**EXERCISE GOAL**
Each line of the material, from the first through the one containing "We should avoid", is to be written out exactly.
##############################
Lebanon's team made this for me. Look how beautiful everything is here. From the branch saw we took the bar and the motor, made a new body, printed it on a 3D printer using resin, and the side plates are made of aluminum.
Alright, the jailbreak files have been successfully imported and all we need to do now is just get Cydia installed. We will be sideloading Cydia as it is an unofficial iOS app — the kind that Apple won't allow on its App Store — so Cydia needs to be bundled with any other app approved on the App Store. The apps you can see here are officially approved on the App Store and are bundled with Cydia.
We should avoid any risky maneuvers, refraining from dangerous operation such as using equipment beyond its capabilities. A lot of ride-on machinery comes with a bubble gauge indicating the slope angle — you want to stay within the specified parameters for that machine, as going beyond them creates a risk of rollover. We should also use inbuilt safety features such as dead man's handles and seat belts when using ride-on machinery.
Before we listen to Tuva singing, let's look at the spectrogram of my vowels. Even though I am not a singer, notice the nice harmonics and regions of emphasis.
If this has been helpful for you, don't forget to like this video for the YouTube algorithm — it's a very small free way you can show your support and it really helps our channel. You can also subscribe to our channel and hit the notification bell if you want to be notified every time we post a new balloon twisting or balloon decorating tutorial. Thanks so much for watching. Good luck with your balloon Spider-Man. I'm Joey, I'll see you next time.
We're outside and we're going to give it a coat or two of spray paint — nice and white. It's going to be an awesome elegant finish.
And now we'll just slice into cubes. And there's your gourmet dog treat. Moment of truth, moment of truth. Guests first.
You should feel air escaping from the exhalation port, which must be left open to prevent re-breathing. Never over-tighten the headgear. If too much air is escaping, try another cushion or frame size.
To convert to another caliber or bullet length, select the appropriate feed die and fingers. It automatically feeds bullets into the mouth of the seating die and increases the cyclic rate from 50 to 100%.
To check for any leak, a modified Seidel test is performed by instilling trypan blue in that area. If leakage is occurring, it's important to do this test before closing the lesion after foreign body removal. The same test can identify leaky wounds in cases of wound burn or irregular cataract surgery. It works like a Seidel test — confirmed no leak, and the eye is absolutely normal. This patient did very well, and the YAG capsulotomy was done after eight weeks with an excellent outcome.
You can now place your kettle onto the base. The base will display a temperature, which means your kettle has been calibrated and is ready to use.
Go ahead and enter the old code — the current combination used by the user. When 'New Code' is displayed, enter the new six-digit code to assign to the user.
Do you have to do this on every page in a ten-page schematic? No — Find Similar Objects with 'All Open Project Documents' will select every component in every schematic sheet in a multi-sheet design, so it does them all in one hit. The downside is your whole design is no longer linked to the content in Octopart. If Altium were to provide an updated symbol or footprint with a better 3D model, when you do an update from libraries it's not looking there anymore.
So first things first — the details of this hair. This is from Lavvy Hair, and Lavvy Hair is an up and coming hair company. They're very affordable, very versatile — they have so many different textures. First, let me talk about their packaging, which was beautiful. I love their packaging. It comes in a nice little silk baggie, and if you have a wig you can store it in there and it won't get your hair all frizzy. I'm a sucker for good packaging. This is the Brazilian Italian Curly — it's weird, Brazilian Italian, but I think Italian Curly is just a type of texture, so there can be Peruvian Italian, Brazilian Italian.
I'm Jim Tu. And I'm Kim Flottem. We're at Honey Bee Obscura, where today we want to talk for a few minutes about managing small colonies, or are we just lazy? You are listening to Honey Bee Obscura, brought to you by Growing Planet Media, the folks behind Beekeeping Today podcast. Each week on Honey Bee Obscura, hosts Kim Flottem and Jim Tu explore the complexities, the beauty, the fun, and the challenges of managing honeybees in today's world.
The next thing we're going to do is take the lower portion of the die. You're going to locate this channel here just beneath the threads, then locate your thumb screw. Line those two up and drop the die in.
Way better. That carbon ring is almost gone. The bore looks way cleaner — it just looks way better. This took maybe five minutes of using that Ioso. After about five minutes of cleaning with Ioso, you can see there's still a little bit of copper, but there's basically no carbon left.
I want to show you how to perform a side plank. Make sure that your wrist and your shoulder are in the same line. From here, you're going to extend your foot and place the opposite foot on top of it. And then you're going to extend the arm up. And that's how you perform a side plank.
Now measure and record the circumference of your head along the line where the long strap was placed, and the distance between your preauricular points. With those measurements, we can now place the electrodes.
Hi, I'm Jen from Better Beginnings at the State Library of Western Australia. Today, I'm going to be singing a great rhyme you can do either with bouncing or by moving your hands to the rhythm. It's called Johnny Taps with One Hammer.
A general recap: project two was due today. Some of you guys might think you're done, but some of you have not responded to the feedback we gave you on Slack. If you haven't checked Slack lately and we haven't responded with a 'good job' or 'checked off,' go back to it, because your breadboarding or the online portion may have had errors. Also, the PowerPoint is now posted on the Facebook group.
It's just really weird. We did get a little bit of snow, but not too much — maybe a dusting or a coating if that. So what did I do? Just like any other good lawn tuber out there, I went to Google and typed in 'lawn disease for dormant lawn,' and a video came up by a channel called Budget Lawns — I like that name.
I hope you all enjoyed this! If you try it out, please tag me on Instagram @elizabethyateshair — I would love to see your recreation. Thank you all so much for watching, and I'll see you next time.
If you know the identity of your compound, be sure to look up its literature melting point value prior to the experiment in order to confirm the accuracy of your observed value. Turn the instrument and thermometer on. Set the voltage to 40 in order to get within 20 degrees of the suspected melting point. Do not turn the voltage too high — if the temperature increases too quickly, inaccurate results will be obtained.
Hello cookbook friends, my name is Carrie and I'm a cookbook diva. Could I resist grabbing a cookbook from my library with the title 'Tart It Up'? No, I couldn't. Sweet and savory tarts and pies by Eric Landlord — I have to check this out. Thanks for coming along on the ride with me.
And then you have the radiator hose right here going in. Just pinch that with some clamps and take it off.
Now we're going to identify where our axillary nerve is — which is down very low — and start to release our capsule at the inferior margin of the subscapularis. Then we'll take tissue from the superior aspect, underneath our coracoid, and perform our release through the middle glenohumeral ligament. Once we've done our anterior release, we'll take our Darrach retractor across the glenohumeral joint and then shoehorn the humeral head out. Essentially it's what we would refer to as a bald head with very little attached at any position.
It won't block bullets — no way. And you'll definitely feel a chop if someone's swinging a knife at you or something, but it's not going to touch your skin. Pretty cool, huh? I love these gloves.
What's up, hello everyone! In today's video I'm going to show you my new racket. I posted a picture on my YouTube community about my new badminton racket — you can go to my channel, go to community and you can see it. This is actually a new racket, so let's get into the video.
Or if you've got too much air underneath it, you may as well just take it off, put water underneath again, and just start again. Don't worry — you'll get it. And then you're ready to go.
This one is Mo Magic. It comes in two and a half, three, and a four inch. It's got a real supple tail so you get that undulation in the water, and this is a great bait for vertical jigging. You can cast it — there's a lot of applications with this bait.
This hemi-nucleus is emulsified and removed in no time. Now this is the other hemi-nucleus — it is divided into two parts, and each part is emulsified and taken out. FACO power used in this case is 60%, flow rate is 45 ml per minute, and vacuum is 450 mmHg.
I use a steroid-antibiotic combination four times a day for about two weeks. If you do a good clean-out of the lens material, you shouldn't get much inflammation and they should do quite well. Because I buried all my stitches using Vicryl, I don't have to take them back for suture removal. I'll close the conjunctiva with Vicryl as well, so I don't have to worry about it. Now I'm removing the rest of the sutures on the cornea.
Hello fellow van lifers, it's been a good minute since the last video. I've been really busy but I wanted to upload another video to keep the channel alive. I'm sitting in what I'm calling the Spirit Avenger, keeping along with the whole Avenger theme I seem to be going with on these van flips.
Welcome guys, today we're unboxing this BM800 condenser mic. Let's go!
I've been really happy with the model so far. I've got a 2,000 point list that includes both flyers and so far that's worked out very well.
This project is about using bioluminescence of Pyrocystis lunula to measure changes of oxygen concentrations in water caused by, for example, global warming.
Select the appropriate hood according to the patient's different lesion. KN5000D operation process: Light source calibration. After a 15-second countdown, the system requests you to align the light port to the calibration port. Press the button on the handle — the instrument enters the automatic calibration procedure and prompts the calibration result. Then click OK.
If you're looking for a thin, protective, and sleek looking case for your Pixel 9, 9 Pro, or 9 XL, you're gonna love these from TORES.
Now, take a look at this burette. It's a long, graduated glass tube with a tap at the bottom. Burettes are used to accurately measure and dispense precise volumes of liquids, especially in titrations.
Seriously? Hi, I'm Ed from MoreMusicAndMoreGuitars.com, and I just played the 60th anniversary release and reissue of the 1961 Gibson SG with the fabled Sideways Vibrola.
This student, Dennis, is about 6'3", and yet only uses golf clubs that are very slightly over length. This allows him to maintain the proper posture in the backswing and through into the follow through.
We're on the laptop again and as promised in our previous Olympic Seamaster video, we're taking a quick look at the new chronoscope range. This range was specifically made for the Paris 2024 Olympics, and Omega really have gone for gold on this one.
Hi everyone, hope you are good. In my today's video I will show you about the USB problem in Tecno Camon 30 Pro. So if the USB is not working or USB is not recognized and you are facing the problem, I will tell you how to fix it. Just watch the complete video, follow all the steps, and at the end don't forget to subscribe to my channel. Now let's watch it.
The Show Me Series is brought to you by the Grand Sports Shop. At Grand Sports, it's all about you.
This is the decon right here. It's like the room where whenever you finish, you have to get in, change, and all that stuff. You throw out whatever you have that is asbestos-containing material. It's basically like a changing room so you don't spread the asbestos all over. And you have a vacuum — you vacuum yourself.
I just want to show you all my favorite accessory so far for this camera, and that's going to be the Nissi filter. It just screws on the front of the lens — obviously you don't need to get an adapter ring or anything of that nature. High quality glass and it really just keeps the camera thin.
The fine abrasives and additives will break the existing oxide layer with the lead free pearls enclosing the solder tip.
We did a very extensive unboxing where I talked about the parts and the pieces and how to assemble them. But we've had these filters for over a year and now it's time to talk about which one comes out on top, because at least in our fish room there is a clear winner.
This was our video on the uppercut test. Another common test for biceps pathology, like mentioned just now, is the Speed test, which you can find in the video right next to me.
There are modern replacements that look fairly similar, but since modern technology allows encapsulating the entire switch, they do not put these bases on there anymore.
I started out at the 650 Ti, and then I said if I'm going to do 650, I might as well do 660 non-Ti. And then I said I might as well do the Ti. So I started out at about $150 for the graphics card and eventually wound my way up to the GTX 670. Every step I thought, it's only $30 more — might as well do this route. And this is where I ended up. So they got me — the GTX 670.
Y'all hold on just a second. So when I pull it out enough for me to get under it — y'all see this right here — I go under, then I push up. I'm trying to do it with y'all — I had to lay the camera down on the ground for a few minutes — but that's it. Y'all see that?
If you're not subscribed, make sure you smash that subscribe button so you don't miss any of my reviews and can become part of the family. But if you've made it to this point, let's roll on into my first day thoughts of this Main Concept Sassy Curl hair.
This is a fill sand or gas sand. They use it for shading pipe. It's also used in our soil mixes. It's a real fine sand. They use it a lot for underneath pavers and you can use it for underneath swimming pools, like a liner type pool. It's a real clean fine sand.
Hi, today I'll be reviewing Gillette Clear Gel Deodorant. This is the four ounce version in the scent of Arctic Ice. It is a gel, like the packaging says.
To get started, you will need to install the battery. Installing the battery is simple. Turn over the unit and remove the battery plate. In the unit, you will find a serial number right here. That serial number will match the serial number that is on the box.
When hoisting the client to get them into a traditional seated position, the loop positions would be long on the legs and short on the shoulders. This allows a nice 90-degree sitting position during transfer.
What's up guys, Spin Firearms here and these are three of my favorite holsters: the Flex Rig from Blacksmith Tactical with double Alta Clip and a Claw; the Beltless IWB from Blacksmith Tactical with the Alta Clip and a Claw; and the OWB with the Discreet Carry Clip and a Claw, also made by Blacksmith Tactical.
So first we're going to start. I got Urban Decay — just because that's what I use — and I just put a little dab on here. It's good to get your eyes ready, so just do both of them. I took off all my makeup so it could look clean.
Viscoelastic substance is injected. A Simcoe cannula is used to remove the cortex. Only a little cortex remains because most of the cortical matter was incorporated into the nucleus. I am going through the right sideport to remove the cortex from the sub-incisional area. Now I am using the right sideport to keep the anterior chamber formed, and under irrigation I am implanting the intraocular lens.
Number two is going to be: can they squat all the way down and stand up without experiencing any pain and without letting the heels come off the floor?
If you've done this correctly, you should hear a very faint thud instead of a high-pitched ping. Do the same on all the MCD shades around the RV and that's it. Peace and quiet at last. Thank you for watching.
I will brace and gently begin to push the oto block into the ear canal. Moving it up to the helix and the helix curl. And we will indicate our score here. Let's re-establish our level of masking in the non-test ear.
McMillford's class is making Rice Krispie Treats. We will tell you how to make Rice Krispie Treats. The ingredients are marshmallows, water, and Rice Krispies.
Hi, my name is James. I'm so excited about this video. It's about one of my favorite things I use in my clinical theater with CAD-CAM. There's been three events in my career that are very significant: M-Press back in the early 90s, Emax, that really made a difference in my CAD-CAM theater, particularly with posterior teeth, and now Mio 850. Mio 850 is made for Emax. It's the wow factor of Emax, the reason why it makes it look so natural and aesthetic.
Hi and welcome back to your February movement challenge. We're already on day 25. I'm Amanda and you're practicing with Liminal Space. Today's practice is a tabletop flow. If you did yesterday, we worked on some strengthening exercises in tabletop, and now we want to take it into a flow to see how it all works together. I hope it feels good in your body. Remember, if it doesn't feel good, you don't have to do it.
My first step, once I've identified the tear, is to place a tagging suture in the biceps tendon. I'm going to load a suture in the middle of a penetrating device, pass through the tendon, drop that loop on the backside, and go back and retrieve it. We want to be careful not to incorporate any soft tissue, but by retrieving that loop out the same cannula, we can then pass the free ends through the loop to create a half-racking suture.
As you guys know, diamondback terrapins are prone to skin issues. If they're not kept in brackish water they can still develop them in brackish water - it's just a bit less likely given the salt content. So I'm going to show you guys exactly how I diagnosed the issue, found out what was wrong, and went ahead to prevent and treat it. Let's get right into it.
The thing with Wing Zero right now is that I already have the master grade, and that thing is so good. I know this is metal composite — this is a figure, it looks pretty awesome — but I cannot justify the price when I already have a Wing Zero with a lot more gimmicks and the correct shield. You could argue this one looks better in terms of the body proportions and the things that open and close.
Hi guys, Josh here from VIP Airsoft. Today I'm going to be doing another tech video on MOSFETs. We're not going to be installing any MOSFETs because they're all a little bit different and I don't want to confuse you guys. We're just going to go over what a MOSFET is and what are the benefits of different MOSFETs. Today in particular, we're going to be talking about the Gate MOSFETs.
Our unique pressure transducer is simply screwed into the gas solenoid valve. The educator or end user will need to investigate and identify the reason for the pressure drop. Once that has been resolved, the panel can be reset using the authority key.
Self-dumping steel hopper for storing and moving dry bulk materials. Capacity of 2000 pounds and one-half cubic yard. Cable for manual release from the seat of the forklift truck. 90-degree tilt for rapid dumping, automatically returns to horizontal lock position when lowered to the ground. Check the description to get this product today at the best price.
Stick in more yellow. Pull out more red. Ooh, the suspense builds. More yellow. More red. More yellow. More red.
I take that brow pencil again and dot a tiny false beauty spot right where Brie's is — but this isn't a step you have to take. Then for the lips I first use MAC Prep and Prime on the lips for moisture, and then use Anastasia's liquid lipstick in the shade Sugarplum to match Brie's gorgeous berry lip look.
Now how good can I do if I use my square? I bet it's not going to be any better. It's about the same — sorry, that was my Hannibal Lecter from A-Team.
##############################
**TASK RESPONSE**
Lebanon's team made this for me. Look how beautiful everything is here. From the branch saw we took the bar and the motor, made a new body, printed it on a 3D printer using resin, and the side plates are made of aluminum.
Alright, the jailbreak files have been successfully imported and all we need to do now is just get Cydia installed. We will be sideloading Cydia as it is an unofficial iOS app — the kind that Apple won't allow on its App Store — so Cydia needs to be bundled with any other app approved on the App Store. The apps you can see here are officially approved on the App Store and are bundled with Cydia.
We should avoid any risky maneuvers, refraining from dangerous operation such as using equipment beyond its capabilities. A lot of ride-on machinery comes with a bubble gauge indicating the slope angle — you want to stay within the specified parameters for that machine, as going beyond them creates a risk of rollover. We should also use inbuilt safety features such as dead man's handles and seat belts when using ride-on machinery.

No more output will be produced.